• [COLLECTED DATA]
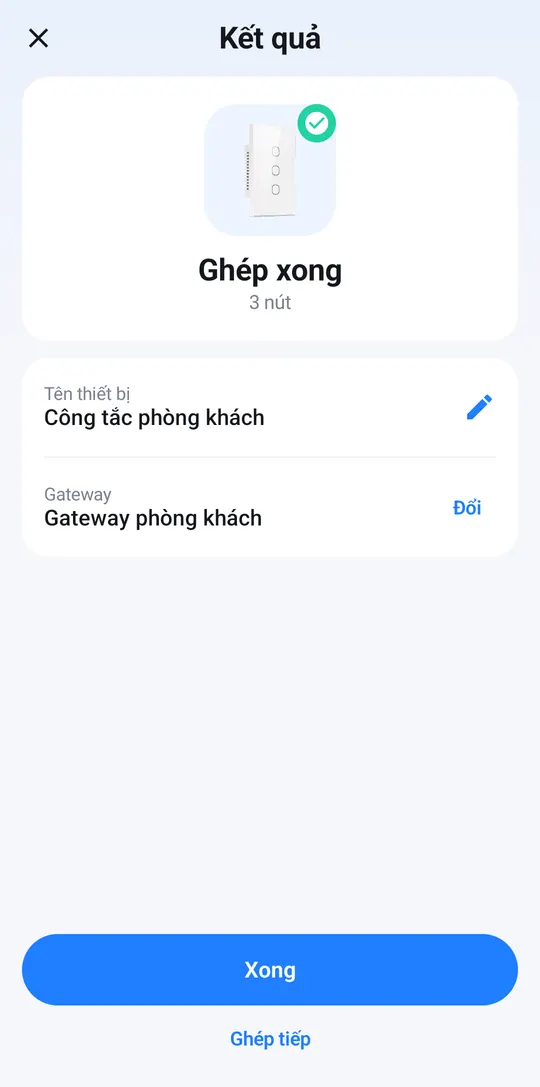 Màn Ghép xong của công tắc 3 nút, đã đặt tên và chọn bộ điều khiển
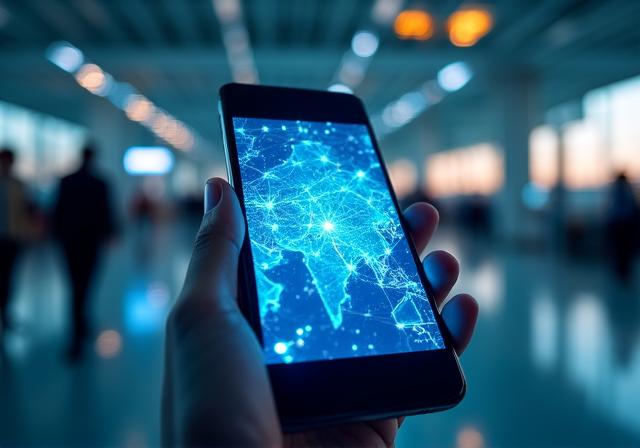 Futuristische Darstellung von KI-gesteuerter Reiseplanung auf einem Mobilgerät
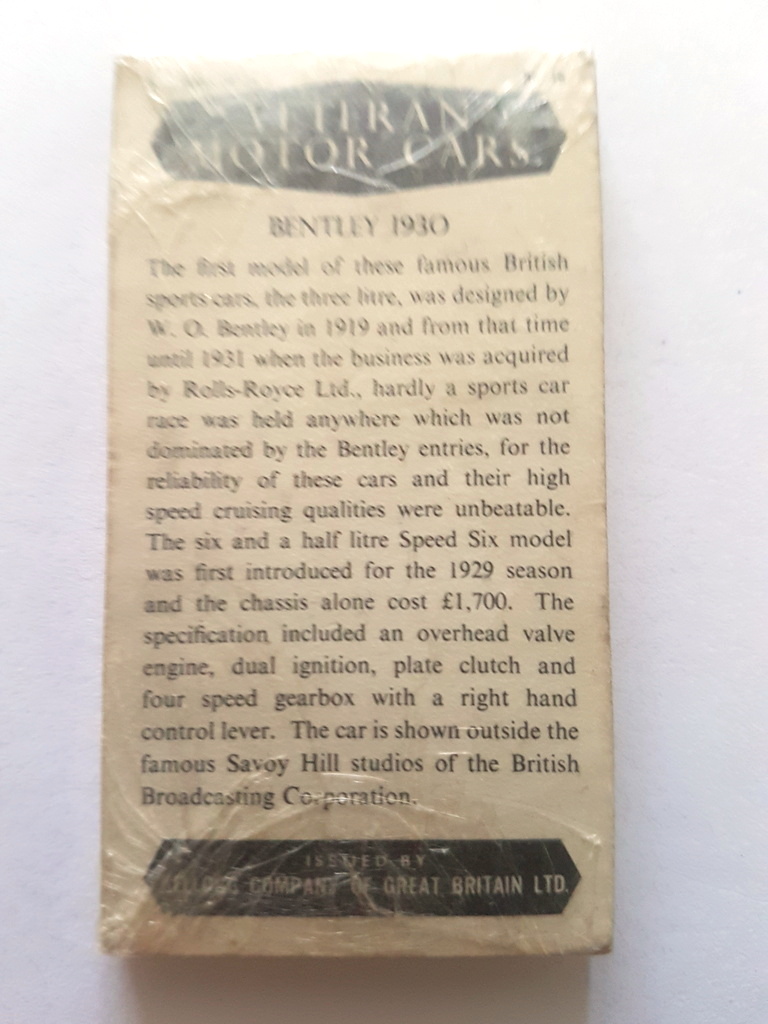 Photo of the back of these Veteran Motor Cars trade cards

• [DIRECTIONS FOR THIS TASK]
With the pictures removed, return the full listing exactly as given.

• [RESULT]
 Màn Ghép xong của công tắc 3 nút, đã đặt tên và chọn bộ điều khiển
 Futuristische Darstellung von KI-gesteuerter Reiseplanung auf einem Mobilgerät
 Photo of the back of these Veteran Motor Cars trade cards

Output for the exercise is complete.